Exciting, huh? Gearhead stuff ahead!
In one of my old auto mechanic books, there's a simple illustration of the overlap in a V8. I'd been meaning to do something similar to that for years just out of curiosity. I did scribble a table in my notebook last night, but when it came to copying that to a CAD drawing, I decided on a diagram instead. Think of it as a map of how the engine runs.

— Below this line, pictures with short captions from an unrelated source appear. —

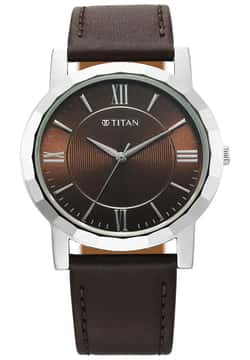 Titan Karishma Zing Quartz Analog Brown Dial Leather Strap Watch for Men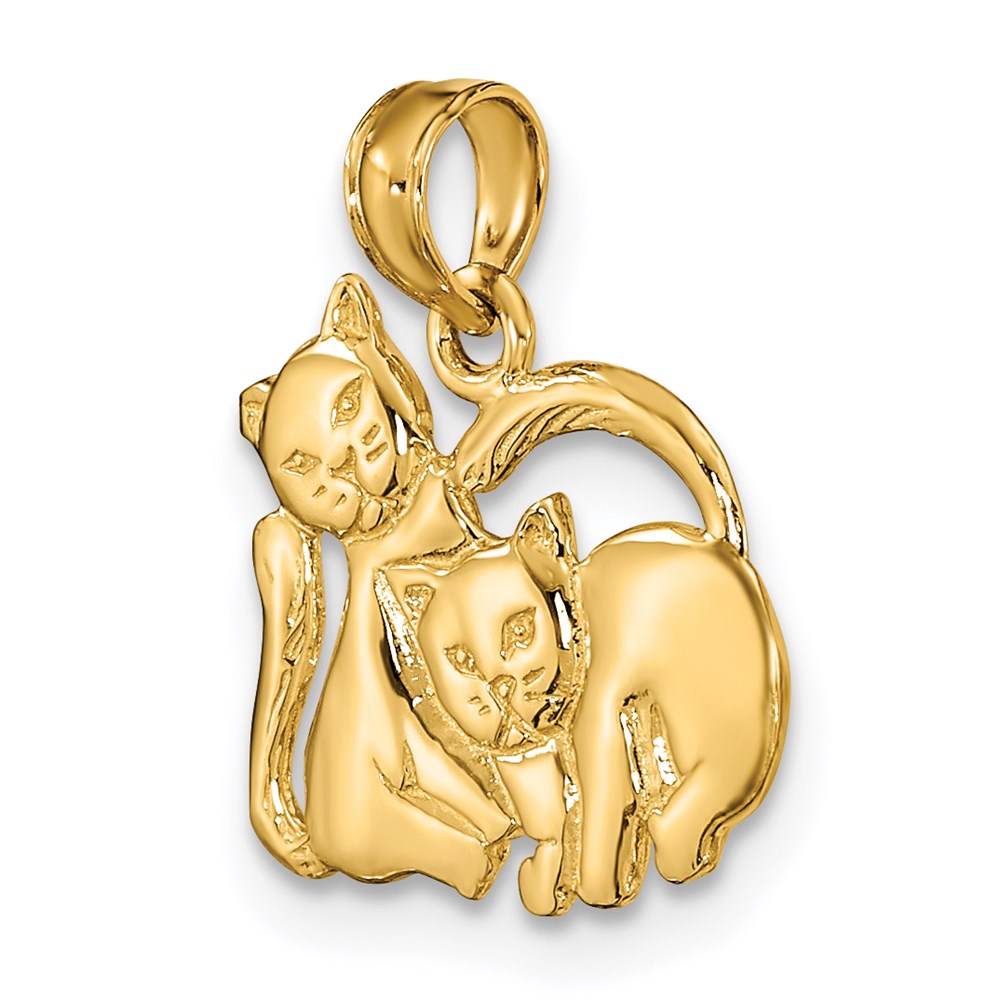 14k 3-D Polished Two Kittens Necklace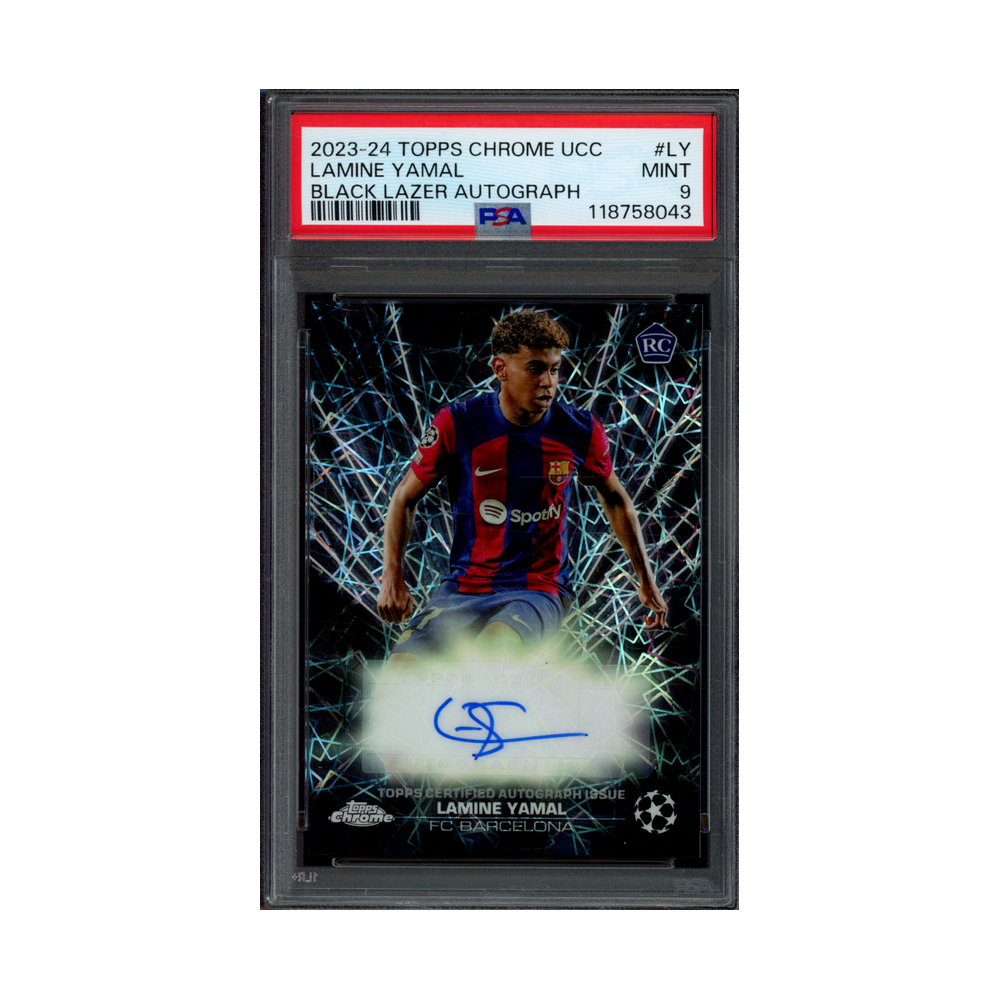 Lamine Yamal 2023-24 Topps Chrome UCC Black Lazer Rookie Auto PSA 9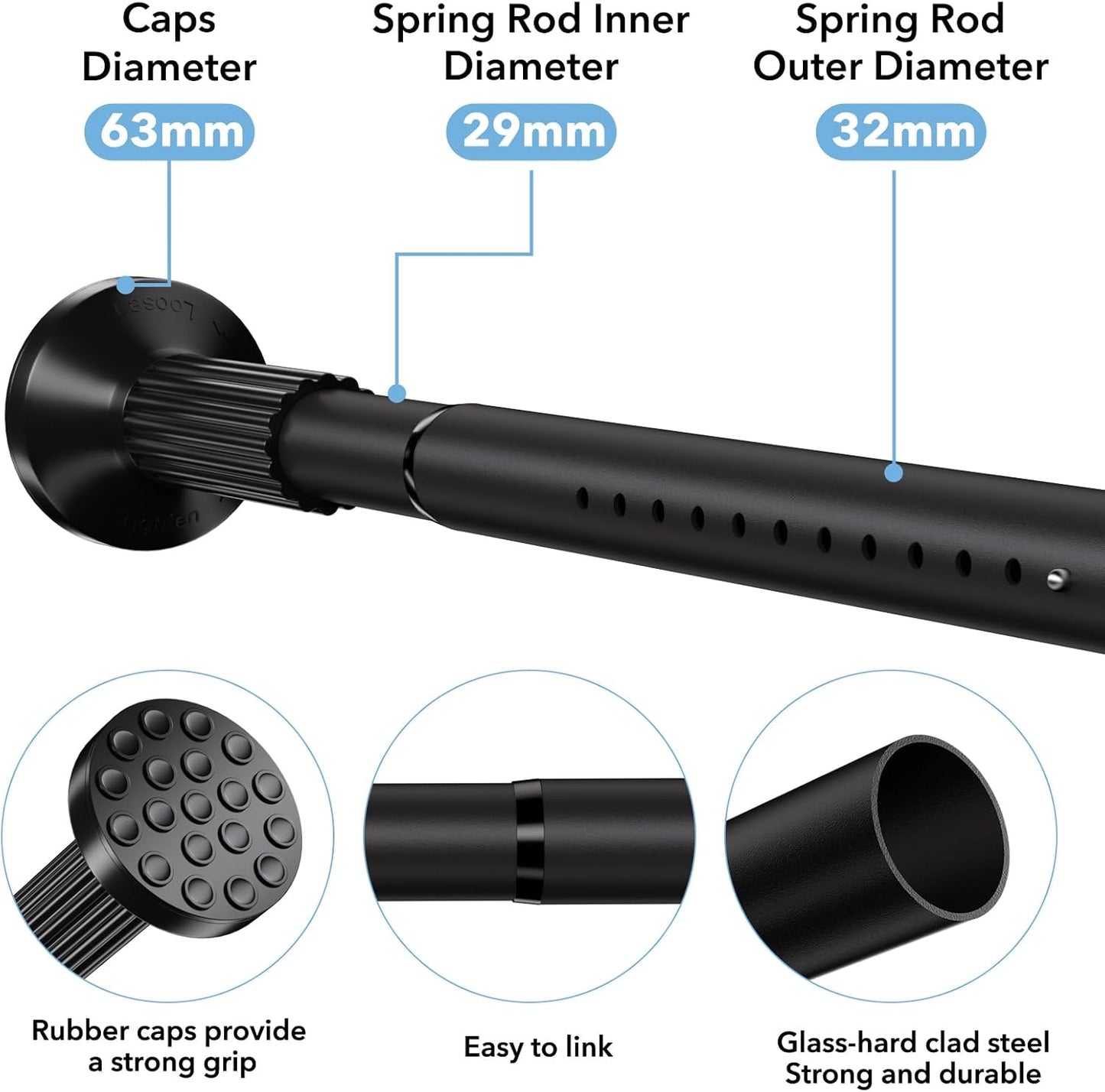 Tension Curtain Rod 51–168 In (4.25–14 ft),Extra Long Outdoor Curtain Rod for Window or Bathroom Patio,Easy to Install No Drilling Never Rust,Heavy Duty Adjustable Spring Shower Rod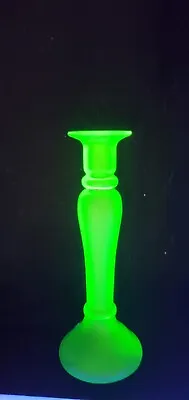 Vintage Ice Green Glass Bud Flower Vase Candle Holder Uranium Vaseline Glows • $4.99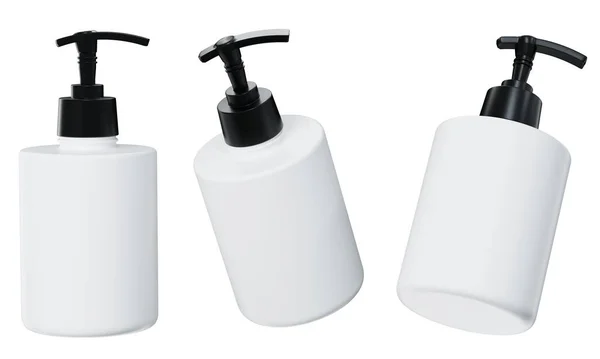 Maquilhagem Dispensador Cosmético Render Modelo Garrafa Produto Cuidados Plástico Branco — Fotografia de Stock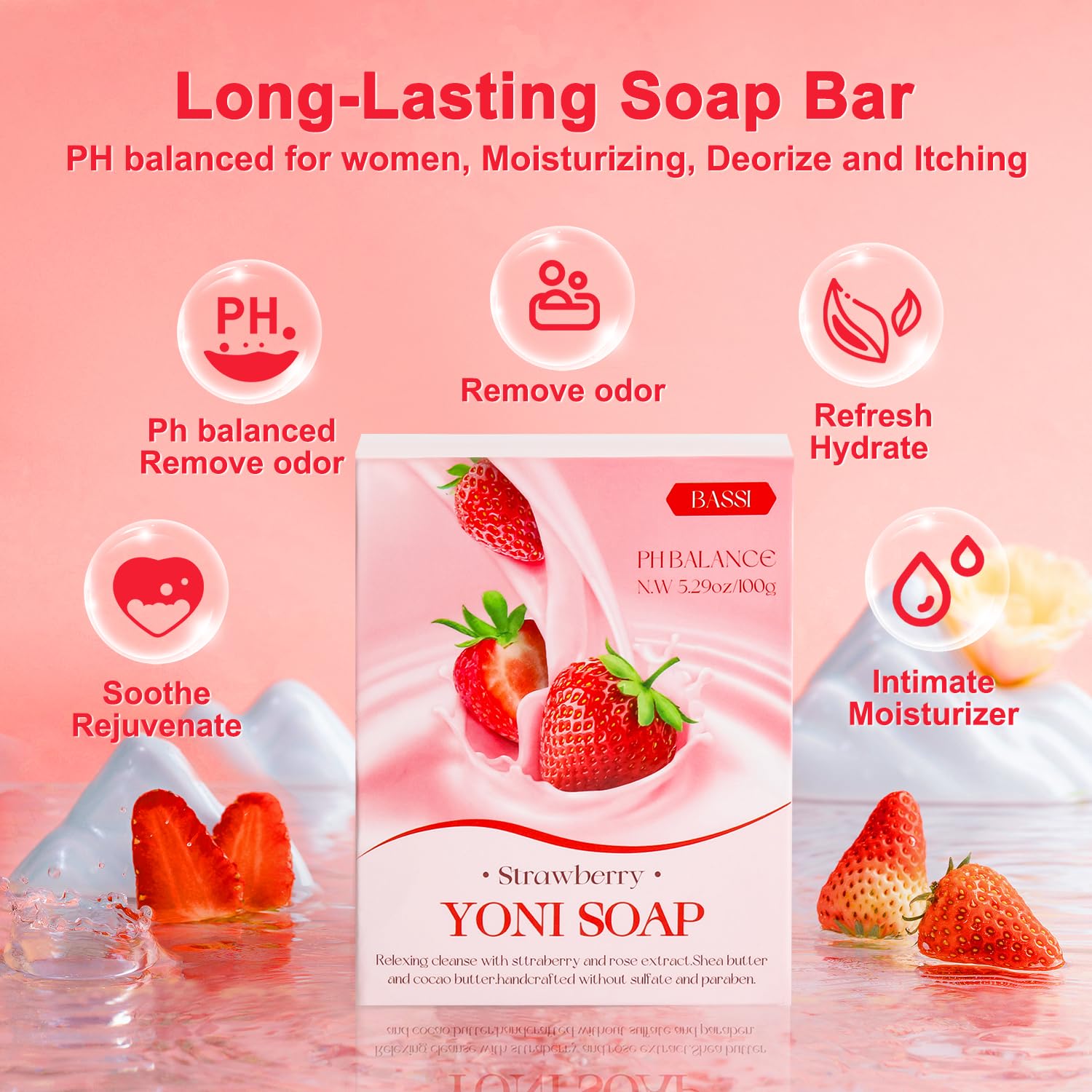 BASSI Feminine Wash & Yoni Oil & Yoni Soap Set | pH-Balanced, Moisturizing & Odor Control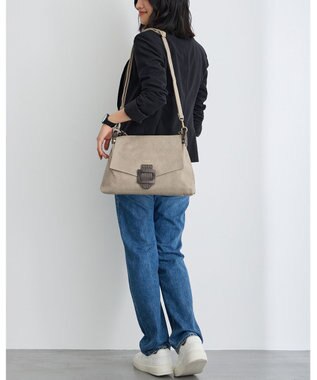 MioFIRANO バックル付きフラップトートバッグ 2WAY　FIRANO フィラノ GRAY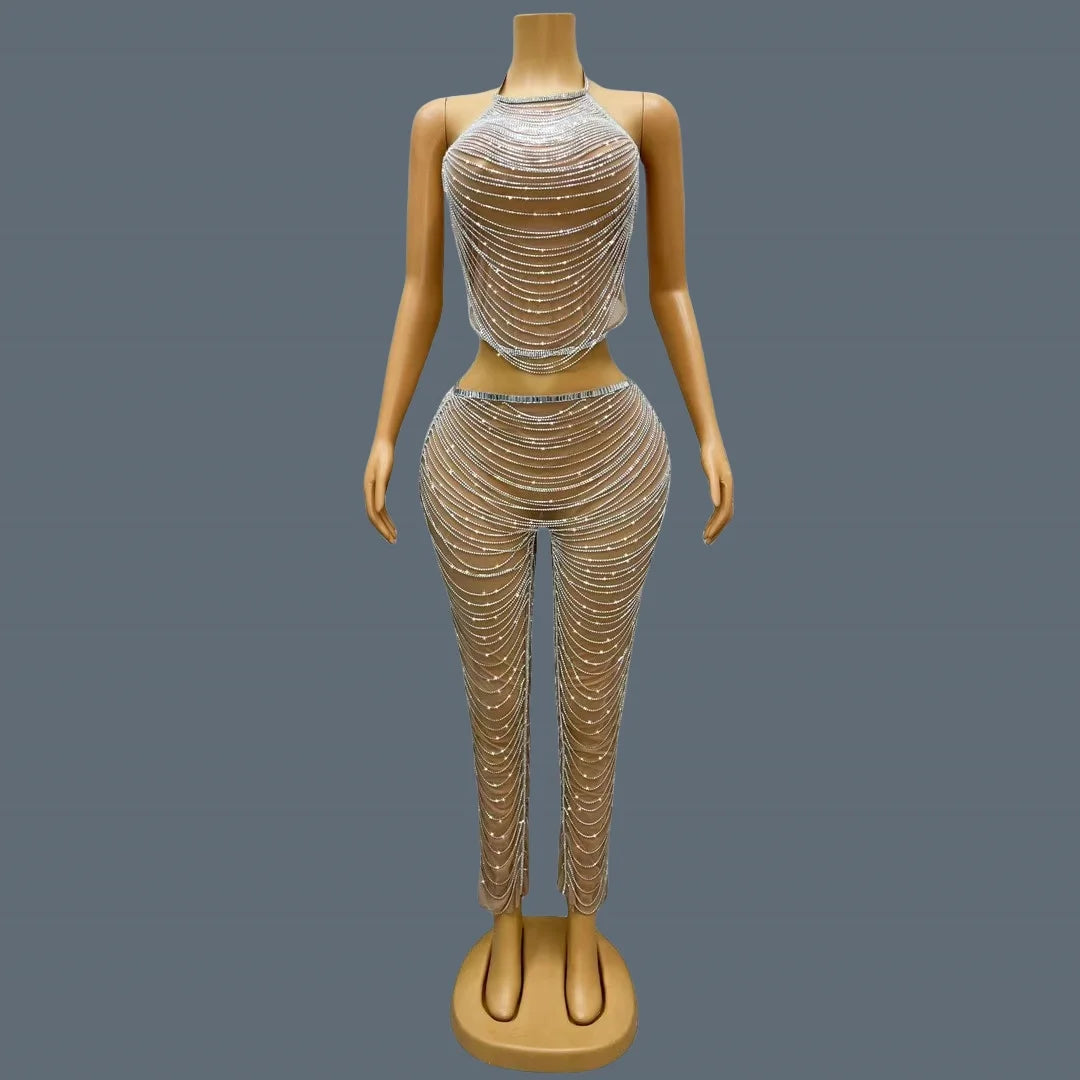 Sparkly Silver Rhinestone Crystals Crop Tops Long Pants 2Pieces Set Nightclub Event Party Stage Show High-quality Outfit Dudou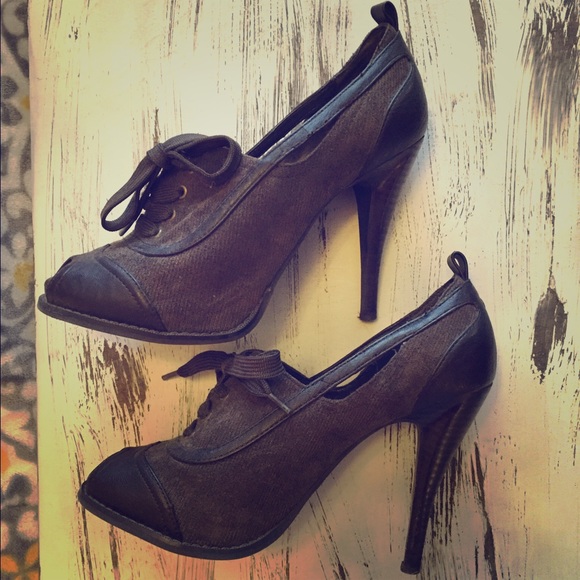 Leather/ Corduroy Open Toe Heel Boots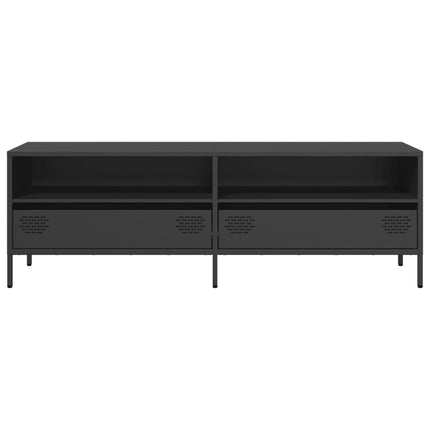 Tv-bänk svart 135x39x43,5 cm kallvalsat stål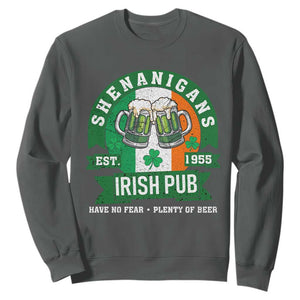 Funny St Patrick's Day Beer Drinking Sweatshirt Shenanigans Irish Pub Have No Fear Plenty Of Beer TS11 Dark Heather Print Your Wear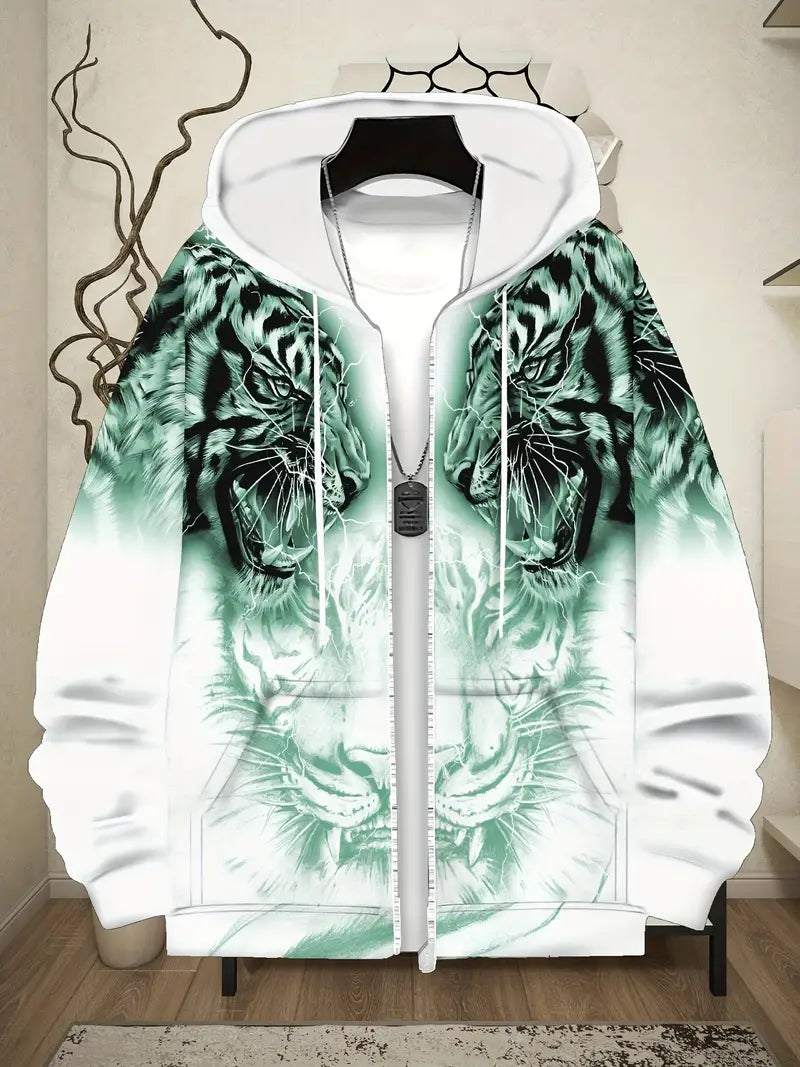 Murillo – Lässige Langarm Kapuzenpullover Jacke Mit Tigerprint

For the car-guys-in-training:
Each ring is a cylinder, #1 on the outside, #6 on the inside. This follows this engine's 1-2-3-4-5-6 firing order.
Red represents the combustion cycle (or "stroke"), where power is generated.
Gray is exhaust.
Blue is intake.
Orange is compression.
Each cylinder follows these four cycles (hence "four-cycle" or "four-stroke" engine). Technically, the intake cycle should be first, since everything else depends on that: air and fuel are drawn into a cylinder, the mixture is compressed, then it's ignited, and finally the burnt gases are pushed out of the cylinder.
I put the combustion cycle first on cylinder #1 (closest to 0 degrees) because getting all those things to happen properly depends on getting that cylinder set up properly (Top Dead Center) while the engine is being put together.
The wheel represents two full turns of the crankshaft, since it takes that long for a single cylinder to go through all four cycles--intake and compression in one, combustion and exhaust in the next.
Looking at how the circular markers line up, you can see which pairs of cylinders are moving together: 1 and 4, 2 and 5, and 3 and 6.
While Cylinder 1 is burning fuel, #4 is breathing in--and both pistons are moving downward.
As #1 breathes out, #4 is compressing its air-fuel charge--both pistons moving upward.
As #1 breathes in, #4 burns its fuel--both pistons moving down.
As #1 compresses, #4 blows its exhaust--both pistons moving up.
The other pairs perform the same way, but overlap the rest in such a way that there's always one cylinder firing for every third of a rotation, or 120 degrees.